A glance at Schenker's lesson notes enables us to gauge the level at which he taught each student. Take mid-June 1926.  First, Gerhard Albersheim: "17th:  issues from Mozart's String Quintet in C major, from Mozart's piano sonatas; the Urlinie of the D-major theme from the D-major sonata; about ornaments and their performance";  Robert Brünauer: "15th: concerning neighbor-note motion, accurate graphs, in particular examples from the C#-minor Polonaise"; now Anthony van Hoboken: "14th:  things from the secondary literature of the F#-major Nocturne: Galston and Klindworth. Original fingering of Brahms in Op. 116, No. 1; from Mozart's string quartets after the questions Albersheim raised."

Now let's compare two June 1926 lessons for Marianne Kahn: "9th: Beethoven Sonata Op. 81a, first time, all movements; J. S. Bach's first C-minor fugue revisited; 18th: Brahms-Handel Variations revisited."

The difference is immediately apparent. In the first three cases ideas, theoretical issues and techniques, performance and source-studies ‒ these form the subject of the lesson, illustrated by reference to works; one student raises questions. In the case of Kahn, just a string of pieces being played.

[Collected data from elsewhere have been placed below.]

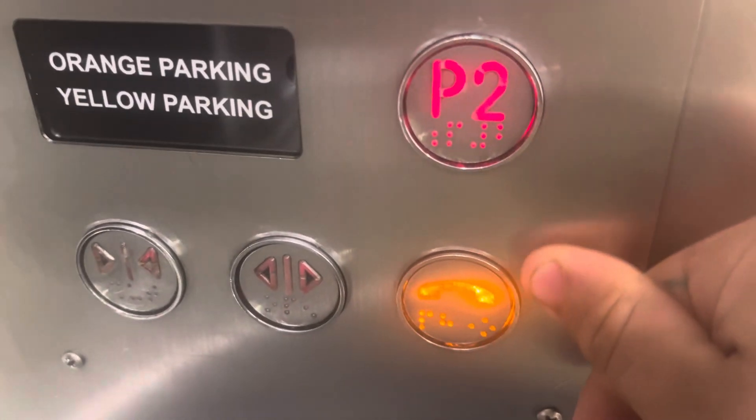ECD dot matrix indicator. Go to P2. Red US 95.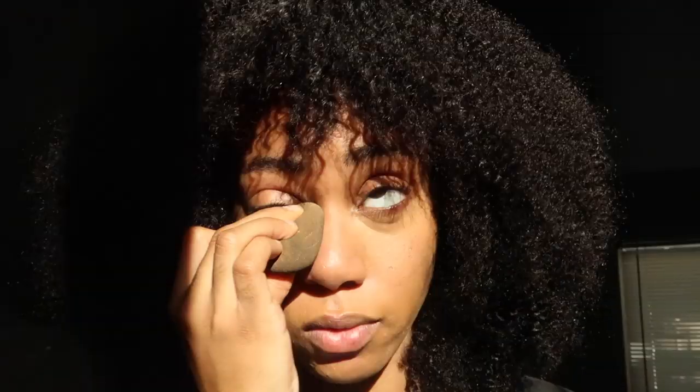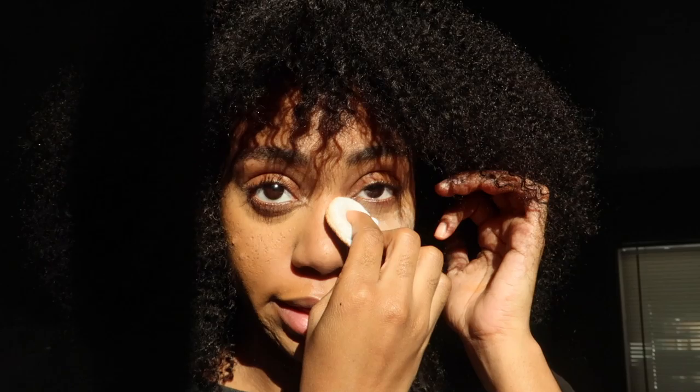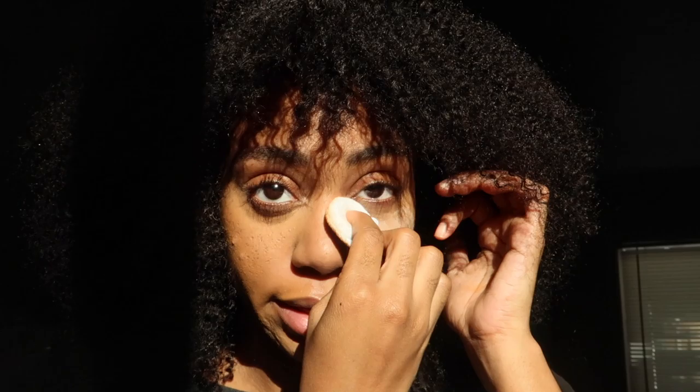I'm going to use my Milk Makeup Flex Concealer in Medium Tan — I'm only going to use a little bit because I don't want to do too much. This is an effortless makeup look. I'm going to use this underneath my eyes, and then a really soft powder to mattify everything with.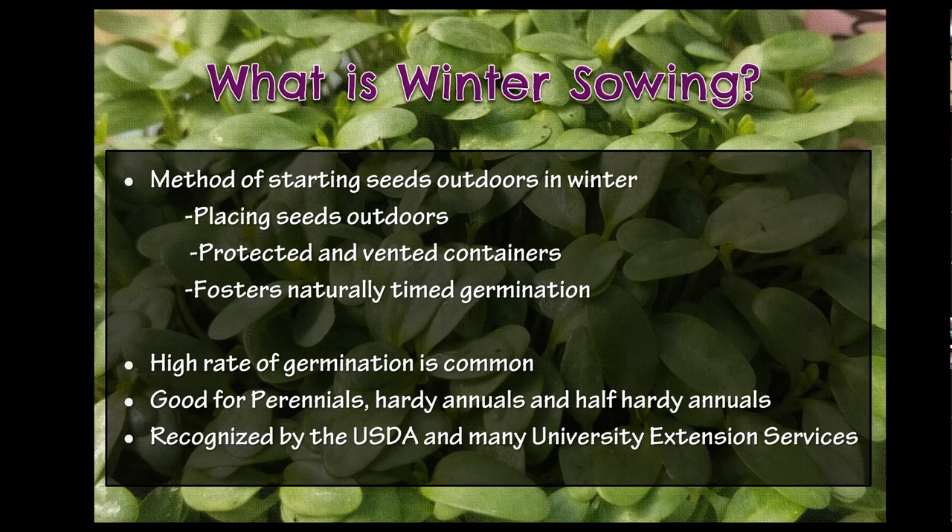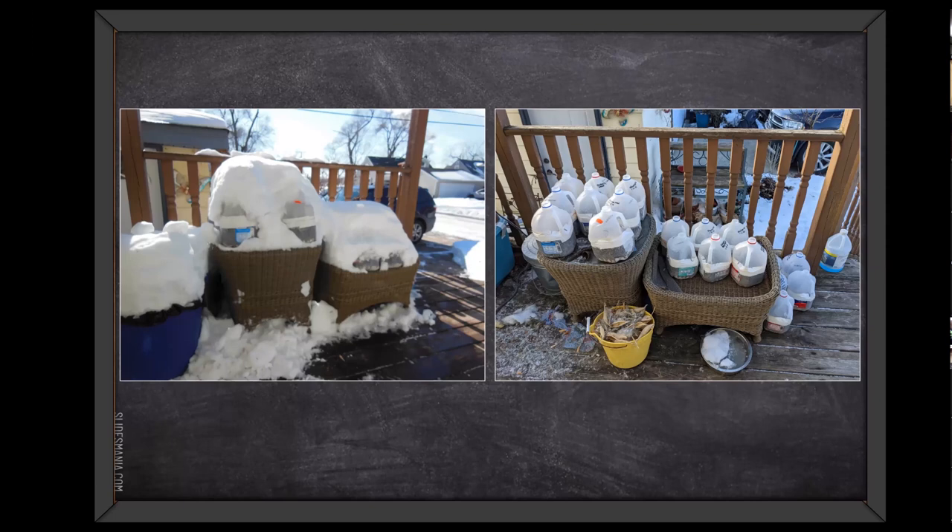In essence, this is what it looks like. It looks like there's a bunch of trash on my back deck every year, but my neighbors know I'm kind of a crazy plant lady and they're pretty forgiving. This was last year — just a start of what I ended up with.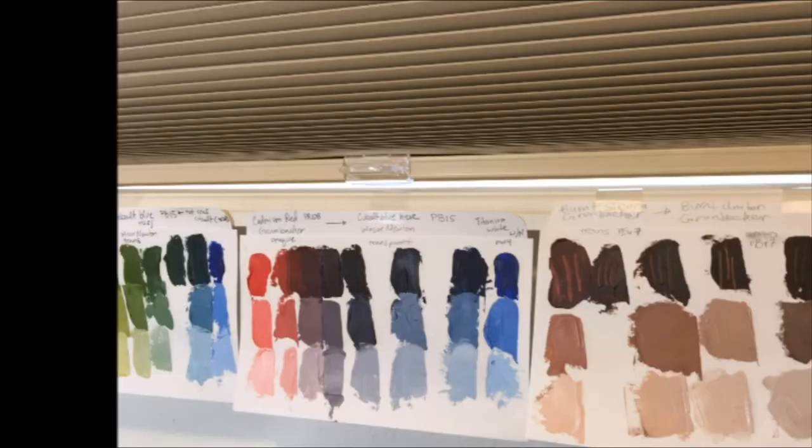Here is my new color swatch added to my wall. Click to subscribe and comment below — I promise to respond like a normal person!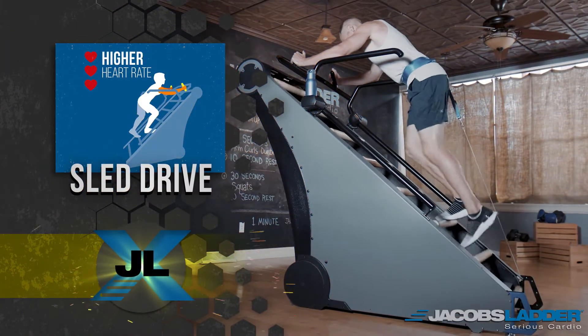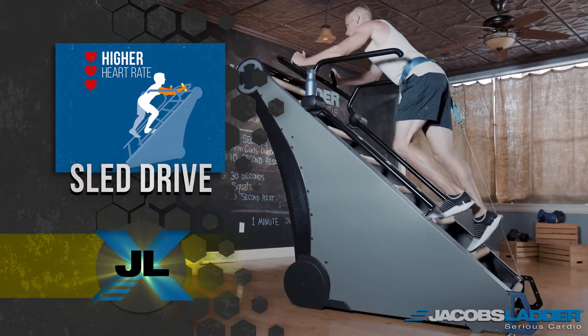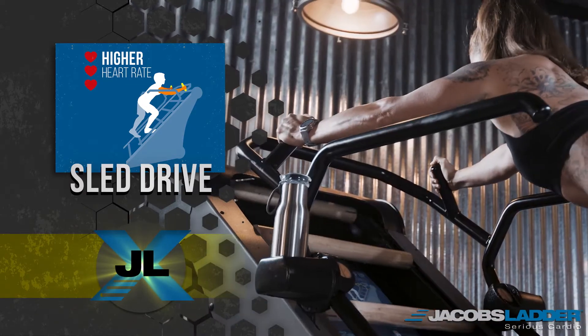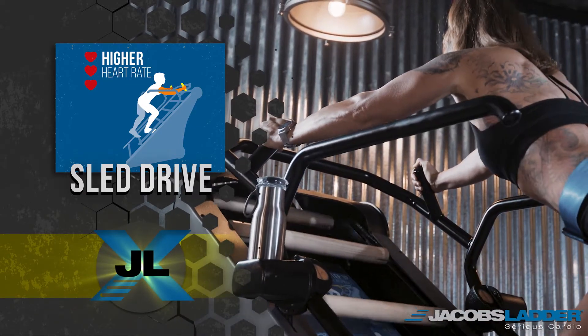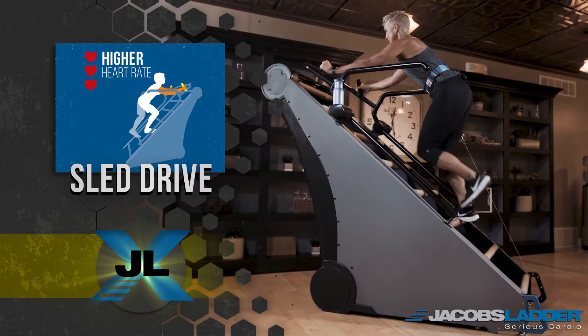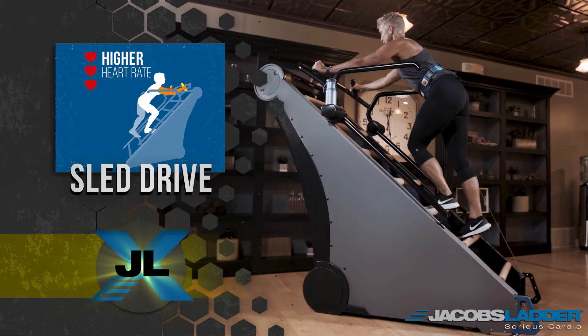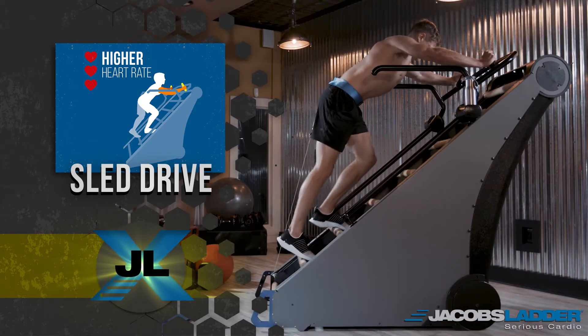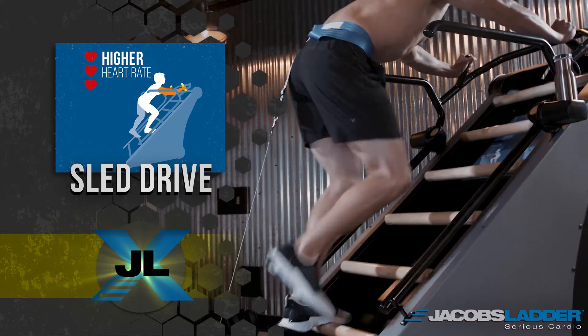The sled drive position is perfect for high intensity intervals as it engages the core muscles and begins to recruit the upper body muscle groups as well. In this position, the user is going to raise their heart rate up quicker than the stand-up position, and the user will not only feel core muscle engagement but their quads will really feel the intensity.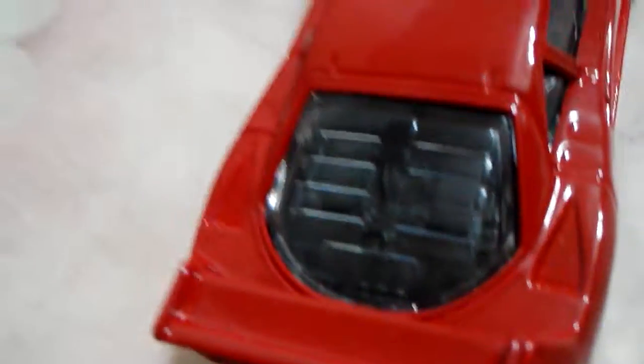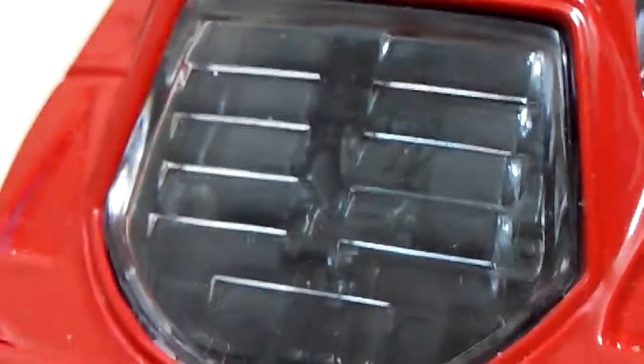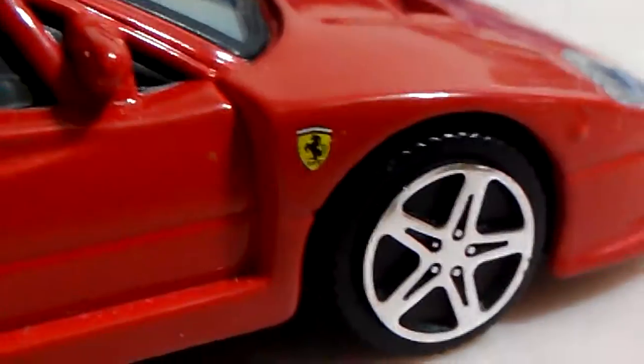This is the Ferrari F40. This time we go to the Ferrari F40.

There was no one single Schenker method of teaching. He was proud to fashion his instruction to fit the individual ("tailor-made to the person and consolidated as to content," Schenker once called it ‒ OJ 5/5, Aug 12, 1927).Some worked on chamber music or concerto repertory, using him for concert preparation. Others took a systematic course of theory and mastered graphing. Others took editorial studies, working on autographs and first editions. Others were interested in philosophical ideas.

Did Kahn fulfill her promise and change her approach? She remained a pupil of Schenker's at least until 1932. Here are the two last-recorded lessons, from May 1932: "4th: [Chopin Etudes] Op. 10, No. 6 E-flat-minor, Op. 10, No. 7 C major, Op. 10, No. 8"; "18th: repeated, lovely! Nocturne, Op. 27, No. 2 D-flat major." — She was not alone: Schenker usually had two or three students who simply worked on repertory, without taking counterpoint, harmony, figured bass or other studies, as the "heavyweight" students did. Such students no doubt provided him with a stable and constant income ‒ in Kahn's case for 25-plus years.